- ASSIGNED TASK -
Among the lines below, list those containing the string "Hilton".
--- RECORDED INFORMATION Enclosed Below ---
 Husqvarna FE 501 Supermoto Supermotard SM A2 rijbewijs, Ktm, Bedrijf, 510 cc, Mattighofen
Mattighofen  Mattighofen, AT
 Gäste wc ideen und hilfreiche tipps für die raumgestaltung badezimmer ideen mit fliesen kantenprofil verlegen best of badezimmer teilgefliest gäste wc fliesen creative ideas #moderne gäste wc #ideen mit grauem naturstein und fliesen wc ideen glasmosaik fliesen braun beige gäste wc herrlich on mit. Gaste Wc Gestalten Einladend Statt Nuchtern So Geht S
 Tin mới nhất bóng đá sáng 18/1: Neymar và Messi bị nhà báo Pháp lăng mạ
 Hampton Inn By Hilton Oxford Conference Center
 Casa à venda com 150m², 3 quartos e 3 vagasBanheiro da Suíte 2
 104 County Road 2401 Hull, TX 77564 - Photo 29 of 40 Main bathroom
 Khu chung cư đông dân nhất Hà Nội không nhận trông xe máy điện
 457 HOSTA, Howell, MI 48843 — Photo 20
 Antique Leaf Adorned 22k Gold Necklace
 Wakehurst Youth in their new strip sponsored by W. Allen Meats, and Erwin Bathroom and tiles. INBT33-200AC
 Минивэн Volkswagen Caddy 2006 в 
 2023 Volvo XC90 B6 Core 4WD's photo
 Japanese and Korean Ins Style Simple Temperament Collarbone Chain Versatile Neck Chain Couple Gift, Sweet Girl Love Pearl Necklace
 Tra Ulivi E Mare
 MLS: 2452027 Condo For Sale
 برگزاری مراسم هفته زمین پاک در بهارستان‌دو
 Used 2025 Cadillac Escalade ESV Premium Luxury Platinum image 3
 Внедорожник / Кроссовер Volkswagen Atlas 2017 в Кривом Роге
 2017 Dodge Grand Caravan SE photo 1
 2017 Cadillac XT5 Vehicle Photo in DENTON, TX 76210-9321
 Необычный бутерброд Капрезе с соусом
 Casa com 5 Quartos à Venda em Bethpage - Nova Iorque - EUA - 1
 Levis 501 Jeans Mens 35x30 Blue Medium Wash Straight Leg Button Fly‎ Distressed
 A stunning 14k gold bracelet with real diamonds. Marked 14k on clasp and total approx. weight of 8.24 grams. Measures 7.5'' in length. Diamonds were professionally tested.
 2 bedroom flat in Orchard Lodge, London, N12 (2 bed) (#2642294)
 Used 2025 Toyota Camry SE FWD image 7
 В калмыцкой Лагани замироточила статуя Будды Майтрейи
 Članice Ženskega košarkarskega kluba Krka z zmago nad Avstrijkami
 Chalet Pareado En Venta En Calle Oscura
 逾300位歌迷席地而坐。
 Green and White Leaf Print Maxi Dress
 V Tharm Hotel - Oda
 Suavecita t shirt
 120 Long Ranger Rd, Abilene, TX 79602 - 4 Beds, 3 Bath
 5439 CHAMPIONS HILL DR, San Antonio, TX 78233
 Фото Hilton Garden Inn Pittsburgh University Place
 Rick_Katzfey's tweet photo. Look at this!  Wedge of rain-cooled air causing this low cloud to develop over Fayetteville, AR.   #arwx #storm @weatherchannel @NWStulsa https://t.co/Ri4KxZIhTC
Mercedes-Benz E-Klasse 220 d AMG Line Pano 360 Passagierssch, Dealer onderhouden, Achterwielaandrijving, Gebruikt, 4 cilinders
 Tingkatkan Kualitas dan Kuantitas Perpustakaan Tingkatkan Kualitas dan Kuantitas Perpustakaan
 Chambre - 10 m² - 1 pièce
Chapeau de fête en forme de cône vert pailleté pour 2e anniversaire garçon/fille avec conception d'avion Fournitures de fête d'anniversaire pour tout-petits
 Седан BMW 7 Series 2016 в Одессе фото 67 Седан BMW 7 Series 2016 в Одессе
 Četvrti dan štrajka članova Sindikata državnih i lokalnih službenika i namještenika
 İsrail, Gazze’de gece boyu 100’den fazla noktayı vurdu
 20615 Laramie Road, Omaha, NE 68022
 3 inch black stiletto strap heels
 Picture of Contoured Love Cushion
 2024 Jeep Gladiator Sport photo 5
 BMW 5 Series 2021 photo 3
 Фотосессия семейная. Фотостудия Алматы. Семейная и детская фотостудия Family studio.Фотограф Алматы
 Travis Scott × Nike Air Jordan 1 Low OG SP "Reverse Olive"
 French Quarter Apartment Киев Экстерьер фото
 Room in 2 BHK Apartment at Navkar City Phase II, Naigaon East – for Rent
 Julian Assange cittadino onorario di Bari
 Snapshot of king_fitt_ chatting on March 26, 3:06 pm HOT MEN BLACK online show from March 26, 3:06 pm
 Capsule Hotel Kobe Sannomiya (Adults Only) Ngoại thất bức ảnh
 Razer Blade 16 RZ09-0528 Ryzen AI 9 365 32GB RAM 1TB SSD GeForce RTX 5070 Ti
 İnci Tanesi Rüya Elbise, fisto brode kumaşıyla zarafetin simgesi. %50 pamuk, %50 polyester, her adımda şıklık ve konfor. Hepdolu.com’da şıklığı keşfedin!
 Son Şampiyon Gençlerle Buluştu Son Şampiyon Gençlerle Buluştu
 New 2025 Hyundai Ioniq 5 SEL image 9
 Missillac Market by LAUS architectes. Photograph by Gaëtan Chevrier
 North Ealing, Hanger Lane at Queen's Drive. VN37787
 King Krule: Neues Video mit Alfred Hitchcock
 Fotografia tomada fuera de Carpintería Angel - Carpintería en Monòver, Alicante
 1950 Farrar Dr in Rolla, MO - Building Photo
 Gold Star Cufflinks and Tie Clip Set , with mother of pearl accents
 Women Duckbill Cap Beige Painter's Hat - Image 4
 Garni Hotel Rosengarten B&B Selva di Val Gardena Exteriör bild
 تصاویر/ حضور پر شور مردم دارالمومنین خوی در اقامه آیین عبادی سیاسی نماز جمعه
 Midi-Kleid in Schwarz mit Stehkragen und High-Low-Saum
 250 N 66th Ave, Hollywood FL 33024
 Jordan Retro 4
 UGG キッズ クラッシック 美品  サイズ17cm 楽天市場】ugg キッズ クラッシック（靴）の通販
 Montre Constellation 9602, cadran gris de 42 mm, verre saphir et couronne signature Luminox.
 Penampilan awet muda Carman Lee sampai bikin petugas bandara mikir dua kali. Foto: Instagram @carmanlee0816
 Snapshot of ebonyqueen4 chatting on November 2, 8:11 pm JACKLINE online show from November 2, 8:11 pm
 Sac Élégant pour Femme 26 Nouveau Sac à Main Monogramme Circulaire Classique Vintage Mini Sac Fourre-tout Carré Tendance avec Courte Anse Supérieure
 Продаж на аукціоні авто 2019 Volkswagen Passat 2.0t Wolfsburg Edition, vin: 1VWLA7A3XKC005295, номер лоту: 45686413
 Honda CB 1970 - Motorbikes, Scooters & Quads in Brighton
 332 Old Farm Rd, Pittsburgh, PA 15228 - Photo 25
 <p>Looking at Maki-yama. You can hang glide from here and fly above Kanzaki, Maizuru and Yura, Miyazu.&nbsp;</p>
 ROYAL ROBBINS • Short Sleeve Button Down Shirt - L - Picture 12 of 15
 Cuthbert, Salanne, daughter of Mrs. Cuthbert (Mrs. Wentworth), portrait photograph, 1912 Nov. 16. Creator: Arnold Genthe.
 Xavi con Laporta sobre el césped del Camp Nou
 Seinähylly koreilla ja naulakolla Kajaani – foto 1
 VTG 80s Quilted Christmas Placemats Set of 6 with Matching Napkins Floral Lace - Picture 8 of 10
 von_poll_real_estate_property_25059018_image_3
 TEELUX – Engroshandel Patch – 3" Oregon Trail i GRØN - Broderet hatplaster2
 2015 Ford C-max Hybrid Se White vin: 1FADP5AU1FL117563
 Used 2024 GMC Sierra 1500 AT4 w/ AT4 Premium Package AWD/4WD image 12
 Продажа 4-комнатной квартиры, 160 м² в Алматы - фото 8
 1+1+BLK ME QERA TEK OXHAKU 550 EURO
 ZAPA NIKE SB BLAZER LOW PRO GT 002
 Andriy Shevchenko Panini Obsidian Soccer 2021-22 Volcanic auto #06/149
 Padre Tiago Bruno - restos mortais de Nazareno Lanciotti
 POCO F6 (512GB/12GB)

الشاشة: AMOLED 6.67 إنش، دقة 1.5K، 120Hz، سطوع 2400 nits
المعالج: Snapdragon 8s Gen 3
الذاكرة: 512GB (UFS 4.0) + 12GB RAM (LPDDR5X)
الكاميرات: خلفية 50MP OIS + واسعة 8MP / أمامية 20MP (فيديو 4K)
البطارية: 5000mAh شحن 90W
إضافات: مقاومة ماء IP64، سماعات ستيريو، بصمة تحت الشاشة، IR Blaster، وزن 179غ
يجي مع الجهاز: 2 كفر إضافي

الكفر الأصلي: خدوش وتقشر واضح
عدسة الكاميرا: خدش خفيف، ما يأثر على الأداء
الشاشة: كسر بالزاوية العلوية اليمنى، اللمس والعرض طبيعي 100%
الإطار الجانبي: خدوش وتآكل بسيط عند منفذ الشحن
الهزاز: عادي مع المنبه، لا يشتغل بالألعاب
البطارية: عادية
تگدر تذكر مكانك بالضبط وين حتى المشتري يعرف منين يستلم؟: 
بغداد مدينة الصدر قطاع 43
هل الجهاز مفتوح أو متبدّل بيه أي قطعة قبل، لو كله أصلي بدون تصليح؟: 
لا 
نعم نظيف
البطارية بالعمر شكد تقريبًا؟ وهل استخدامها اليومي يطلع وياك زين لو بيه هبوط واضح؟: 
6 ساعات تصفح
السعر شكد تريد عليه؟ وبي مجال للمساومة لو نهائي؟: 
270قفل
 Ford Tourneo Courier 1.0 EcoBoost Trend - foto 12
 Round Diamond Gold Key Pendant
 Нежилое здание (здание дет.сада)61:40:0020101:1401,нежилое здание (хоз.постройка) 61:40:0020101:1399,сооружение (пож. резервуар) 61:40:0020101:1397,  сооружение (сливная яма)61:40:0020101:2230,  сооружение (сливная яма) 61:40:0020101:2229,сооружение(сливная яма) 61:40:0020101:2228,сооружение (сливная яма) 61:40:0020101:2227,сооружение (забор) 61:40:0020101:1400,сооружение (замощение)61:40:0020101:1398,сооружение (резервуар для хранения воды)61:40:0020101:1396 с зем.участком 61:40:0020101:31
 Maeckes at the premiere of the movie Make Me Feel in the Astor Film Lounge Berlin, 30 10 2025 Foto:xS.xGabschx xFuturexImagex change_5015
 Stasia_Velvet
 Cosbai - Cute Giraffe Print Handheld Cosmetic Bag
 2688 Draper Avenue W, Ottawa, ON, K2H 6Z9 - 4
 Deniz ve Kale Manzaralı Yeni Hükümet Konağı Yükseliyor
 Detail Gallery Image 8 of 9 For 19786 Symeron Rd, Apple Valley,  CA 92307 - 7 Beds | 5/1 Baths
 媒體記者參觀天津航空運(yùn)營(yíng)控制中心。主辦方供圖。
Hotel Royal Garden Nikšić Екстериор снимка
--- End of Enclosed RECORDED INFORMATION ---
- RESULT -
 Hampton Inn By Hilton Oxford Conference Center
 Фото Hilton Garden Inn Pittsburgh University Place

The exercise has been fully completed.